To evaluate the performance of the algorithm sets, each set’s POD, FAR, CSI, and F1 scores were calculated. The F1 score is the harmonic mean of the accuracy and recall that we can consider to be the accuracy and coverage of the algorithm. It is closer to 1, for which a target can be correctly observed and false positives can be eliminated. PR curves were employed to evaluate the performance for each algorithm set. The results are shown in
Figure 3. The PR curves corresponding to different percentile thresholds exhibit a high degree of overlap, suggesting that the algorithm shows relatively low sensitivity to threshold variations, while the 25th percentile provides the best balance between detection and false alarms, and provides the highest F1 score of 0.765.
In the 50th percentile, accuracy tends to decrease as recall increases because of the high risk of false alarms. The 10th percentile, however, seems to be more restrictive and may miss weaker or early-stage convection.
The coefficient of variation for threshold selection was employed to analyze the sensitivity of the POD, FAR, and CSI in
Figure 4. In regard to score 4, the CSI was low in terms of sensitivity, the POD showed middling sensitivity, and the FAR displayed high sensitivity. The reason why the FAR showed such high sensitivity was that the FP was sensitive to the threshold selection. The CSI remained low in terms of sensitivity, meaning that the algorithm was robust within the studied climatic regime.

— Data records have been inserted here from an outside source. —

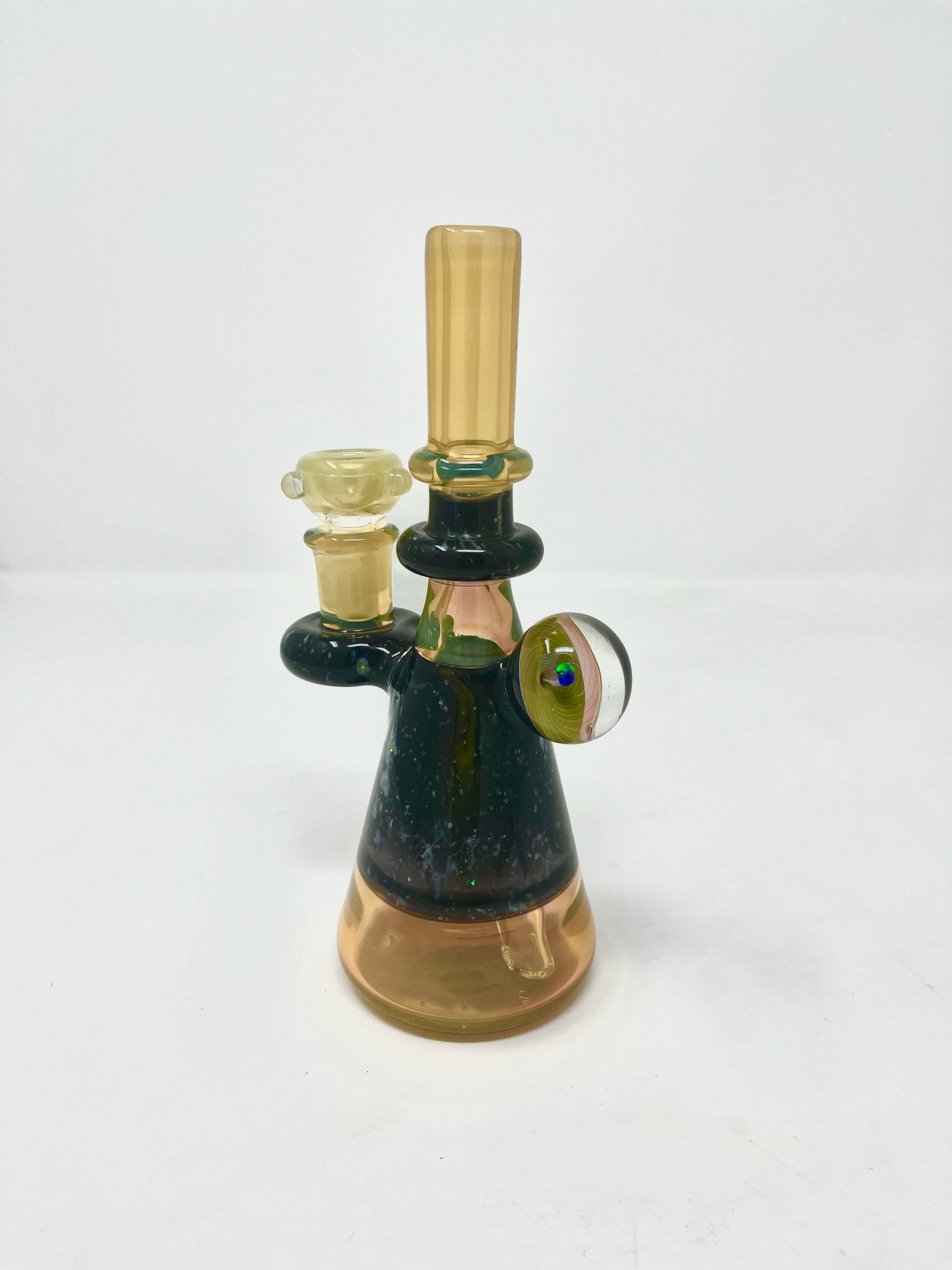 Reservation: Space-Tech mini beaker bong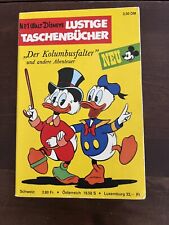 Lustiges taschenbuch kolumbusf gebraucht kaufen  Haundorf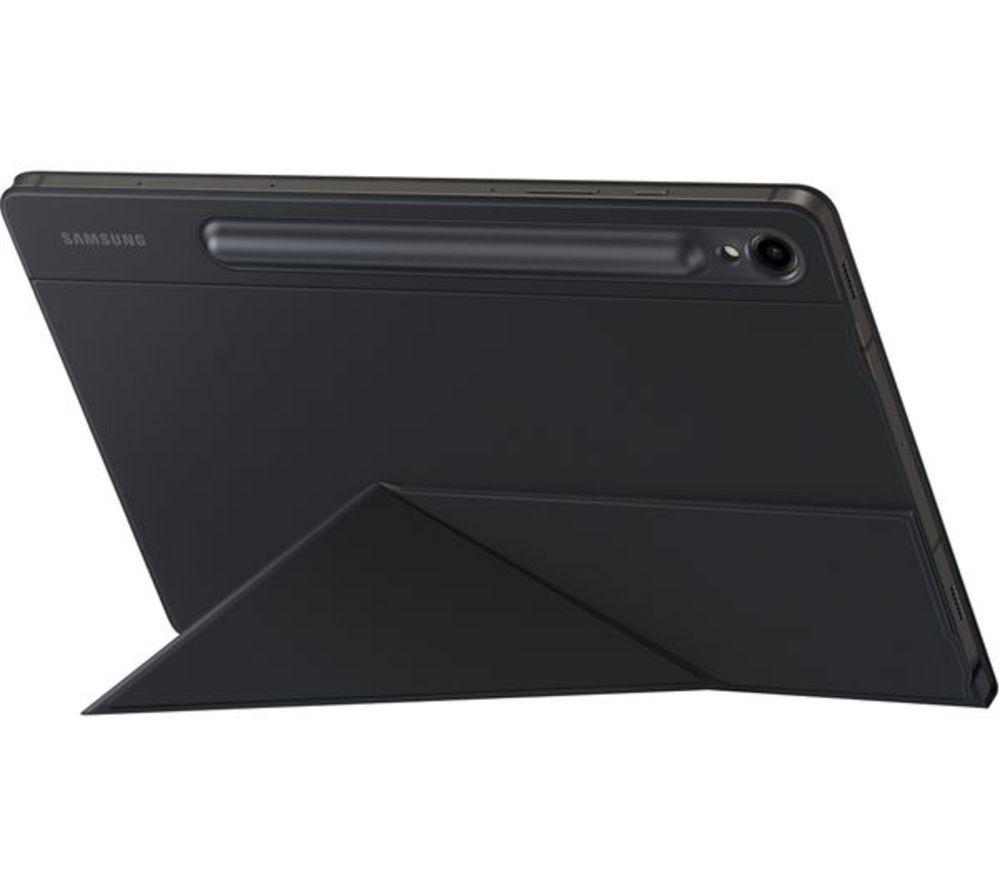 SAMSUNG Galaxy Tab S9, S10 Lite & S10 FE Smart Book Cover - Black image number 2 of 7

Based on the results outlined above, we are able to build upon the algorithm as follows: Delta TBBGHI < −2 K/15 min convection will have occurred in the region if four or more of the six criteria are satisfied. Typically, cumulonimbus clouds will be cloudy. It can be observed that Sichuan typically shows overcast conditions with warm-sector convection in the summer. For that reason, when radar echoes exceed 35 dBZ, TBB13 might still be high at that point in the case of low cooling. The criteria are therefore relaxed to better detect these convection cases.
The proposed CI detection algorithm is based on physically interpretable satellite observations such as visible reflectance, brightness temperature (TBB), brightness temperature differences (BTDs), and cloud-top cooling, all of which are closely related to the microphysical and dynamical effects of convection clouds. The cumulus cloud mask is important to reduce the effects of non-convective clouds such as thin clouds. By combining reflectance thresholds and texture properties, the mask removes actively developing cumulus clouds and can reduce contamination from optically thin cloud layers. Environmental factors such as water vapor inhomogeneity and condensed moisture are not directly described, but they are well estimated in the satellite observations. For instance, the brightness temperature and the variation in its timescale are sensitive to cloud-top height and cooling, which are strongly affected by atmospheric moisture and latent heat releases, and the brightness temperature between infrared channels indirectly relates the cloud optical thickness and microphysical properties. We also compare the results with those of the algorithm without GHI data and the original SATCAST algorithm.